When I went to bed last night, I had no idea that Double Fine’s Tim Schafer had announced a new Kickstarter project, one asking for donations totaling $400,000 to fund and film the process of making a new “old school” graphic adventure game. When I got to work this morning and started clicking around the Interwebz while my emails downloaded I saw that this lofty goal–well, $400,000 is a lot of money in my mind–had already been met. Geez. Take that, rollercoasters that go from zero to sixty mph in three seconds. Without warning, two conflicting feelings hit me at once: rejoice and disappointment. Let me explain.
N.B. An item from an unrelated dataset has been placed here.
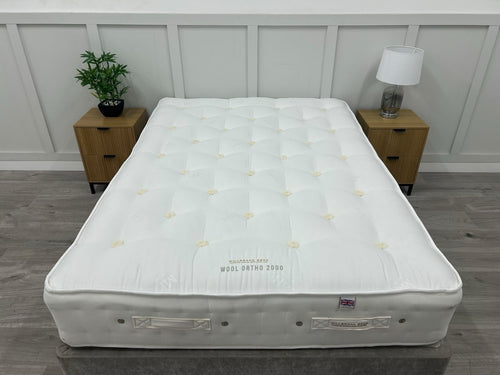 Millbrook Wool Ortho 2000 firm 4FT small double mattress in white fabric ticking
First, the rejoice. Good for them! Way to go, Double Fine! Way to go, adventure game fans everywhere! It’s always exhilarating to see a Kickstarter goal met so quickly, with passion and desire fueling every contribution. In his Kickstarter commercial, Schafer points out that if he were to go to a traditional publisher with the idea of putting out a new adventure game, he’d just get laughed at. And that’s probably true. The genre is certainly not dead, but it’s not as mainstream as first-person shooters or big budget epic RPG romps. By using Kickstarter, Double Fine can create a game for fans, funded by fans. That sounds pretty fantastic.
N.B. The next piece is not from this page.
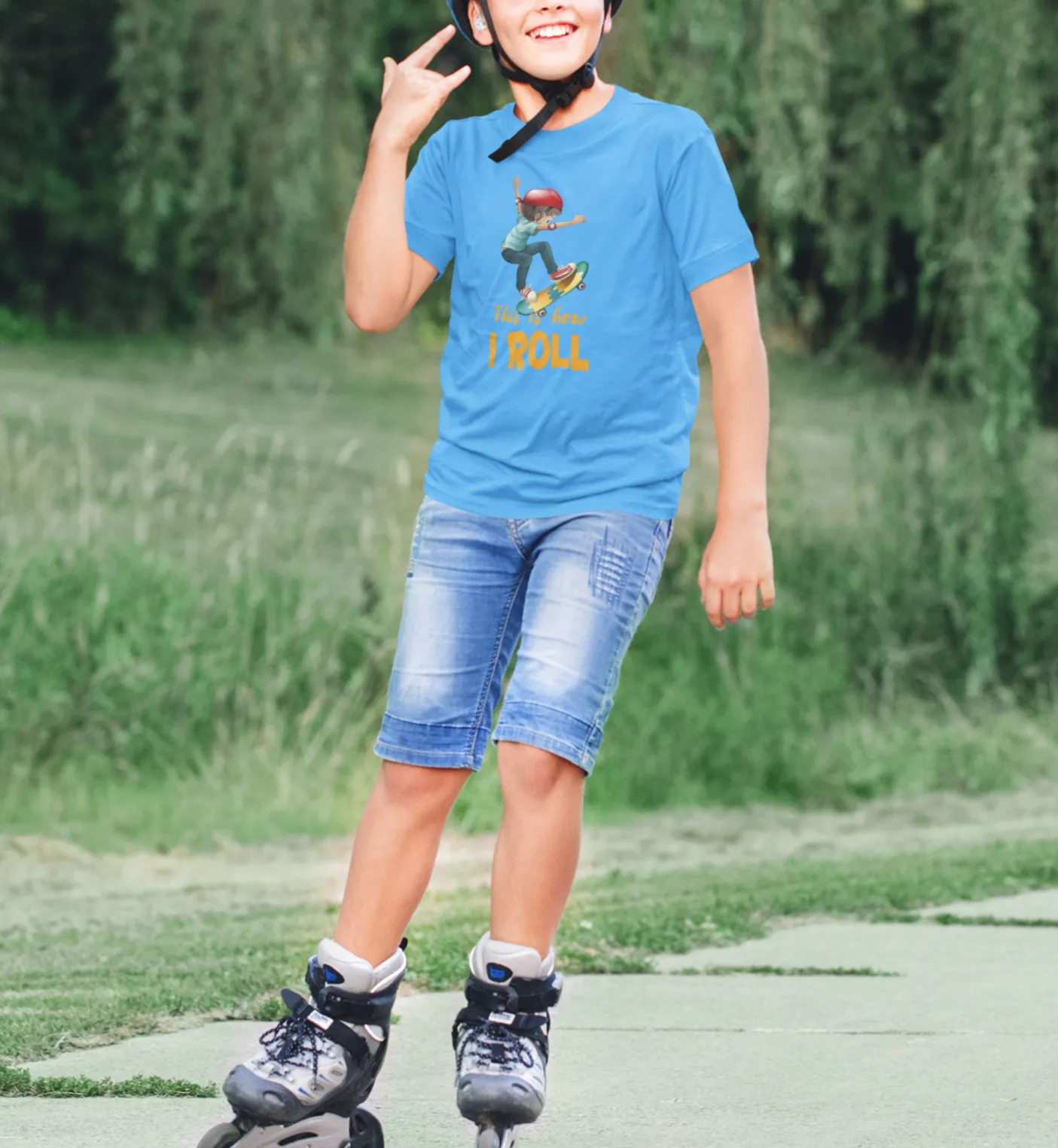 Skating T Shirt for Kids D55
Second, the disappointment. I kind of feel like I went to bed and, unknowingly, in the next room over, a great ol’ happening party was happening. There was cake and spiked punch and board games and laughter and Queen’s greatest hits were playing in a constant loop and everyone was excited and so happy to be there. It was the type of party that would be talked about for days after. I missed all the action though. The party was a success, and I played no part in it. I could have and would have, but I was sleeping. I guess I’m just bummed that I didn’t get to be a part of making it happen, and am rather left to simply contribute a little more to the pile. I’m sure that sounds really stupid, but it’s how I feel.
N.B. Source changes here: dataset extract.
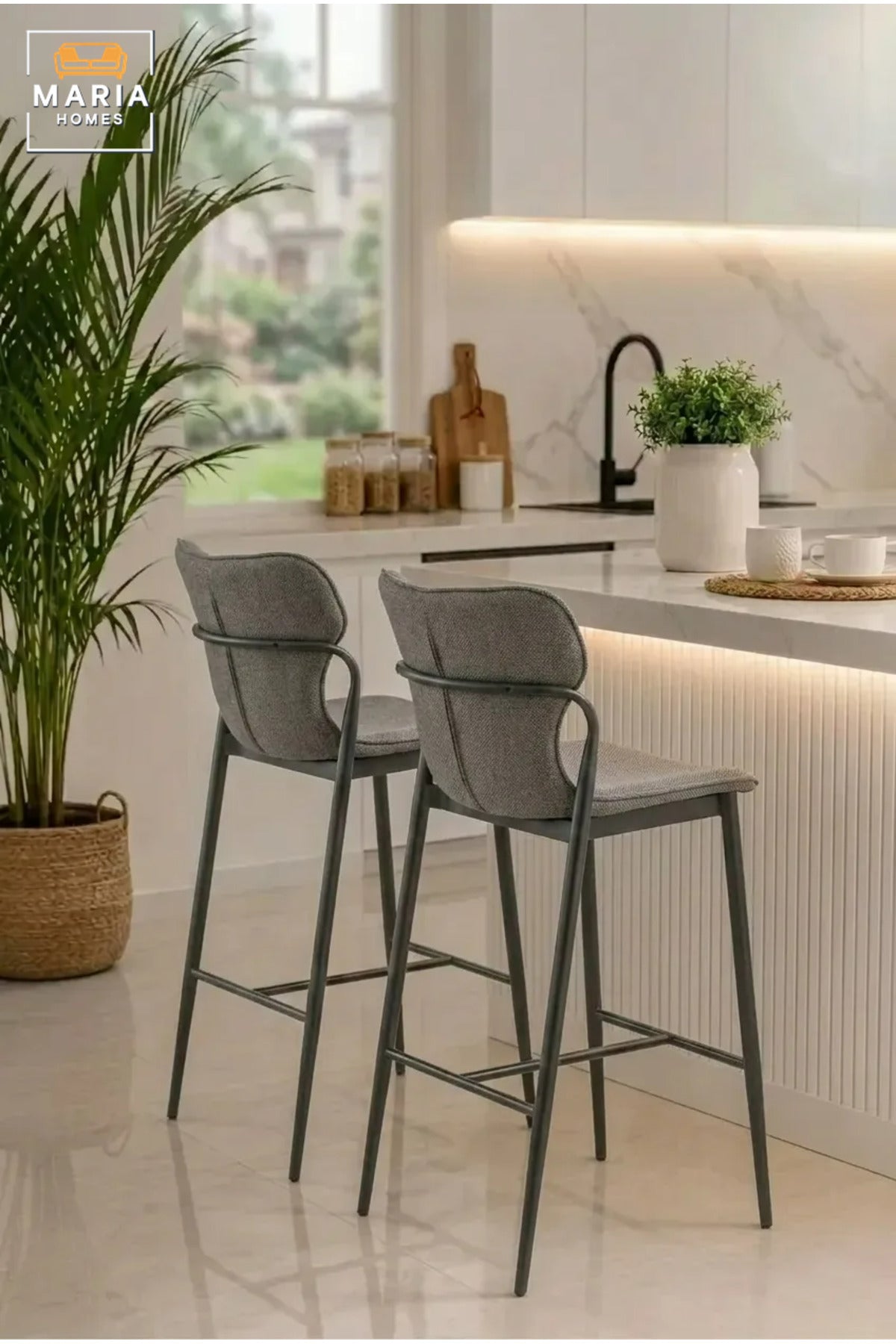 Modern Grey Upholstered Bar Chair – Contemporary Counter Height Stool with Metal Frame & Footrest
There’s 33 days left to go for the Kickstarter, with extra funds being put towards making the game and documentary as strong as possible, as well as for porting it to other platforms, such as Mac and iOS. I might still donate for the $15 amount, likening it as a pre-order now that it’s clear that it will all come to fruition–or I might not. The game will get made, and Double Fine is tentatively shooting for an October 2012 release, wherein I could just wait and pick it up on Steam then if it looks like a grand time. Which it probably will, seeing who is behind it. I mean, I think people liked Day of the Tentacle, Full Throttle, and Grim Fandango, and I know for certain that I enjoyed Costume Quest, as well as the core game ideas behind Brutal Legend and Stacking.
A lot of Kickstarters that I’m aware of are more for indie projects, so it was a little odd to see a known company like Double Fine using it to help get a game made. But to each their own, I guess. We are living in the future, after all. 2012 and flying cars and meals in pills. That said, where are the Kickstarters for Suikoden VI? Or Primal II? Or Jak 4? Well?